The answer is the full listing below, copied exactly, with its pictures omitted.

* [Data segment]
....

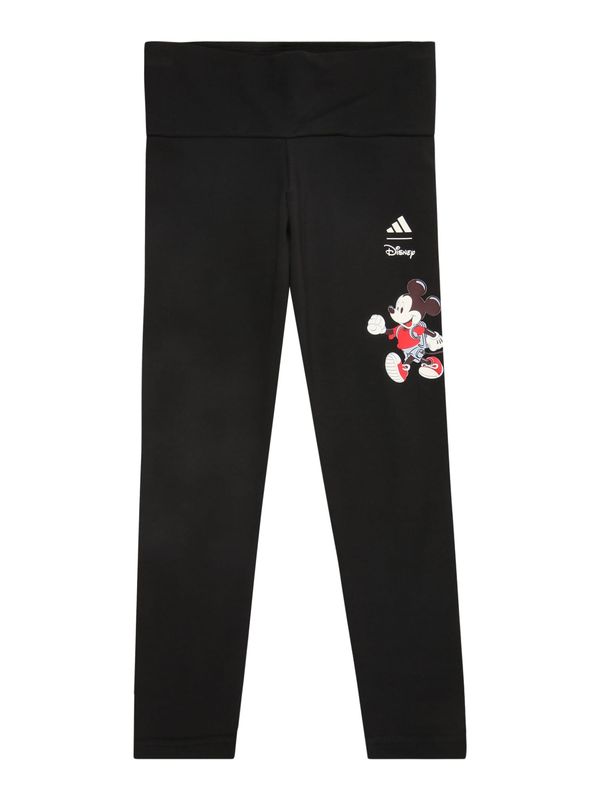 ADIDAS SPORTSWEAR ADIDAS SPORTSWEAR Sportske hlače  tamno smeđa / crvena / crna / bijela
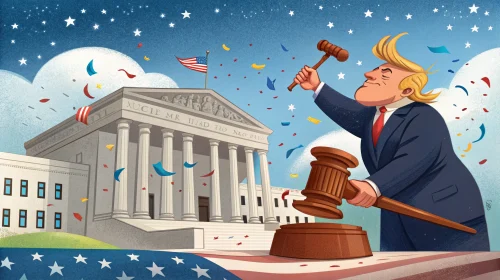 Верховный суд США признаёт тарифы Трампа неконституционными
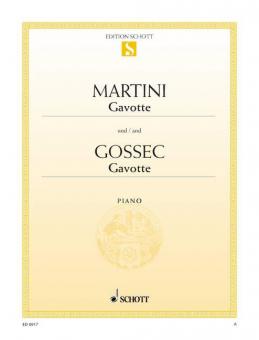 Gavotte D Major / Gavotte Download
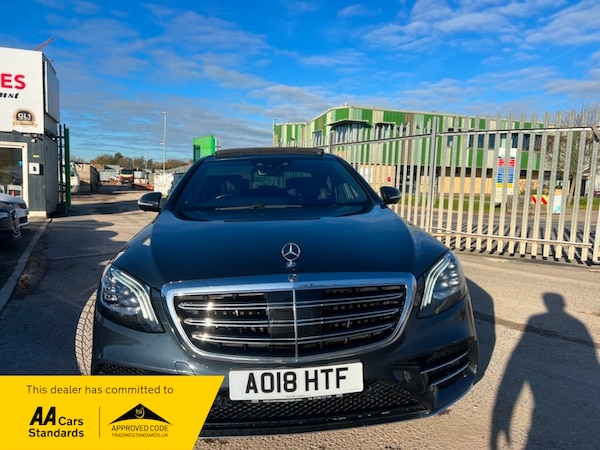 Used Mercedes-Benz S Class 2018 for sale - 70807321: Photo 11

....

* [Solution]
 ADIDAS SPORTSWEAR ADIDAS SPORTSWEAR Sportske hlače  tamno smeđa / crvena / crna / bijela
 Верховный суд США признаёт тарифы Трампа неконституционными
 Gavotte D Major / Gavotte Download
 Used Mercedes-Benz S Class 2018 for sale - 70807321: Photo 11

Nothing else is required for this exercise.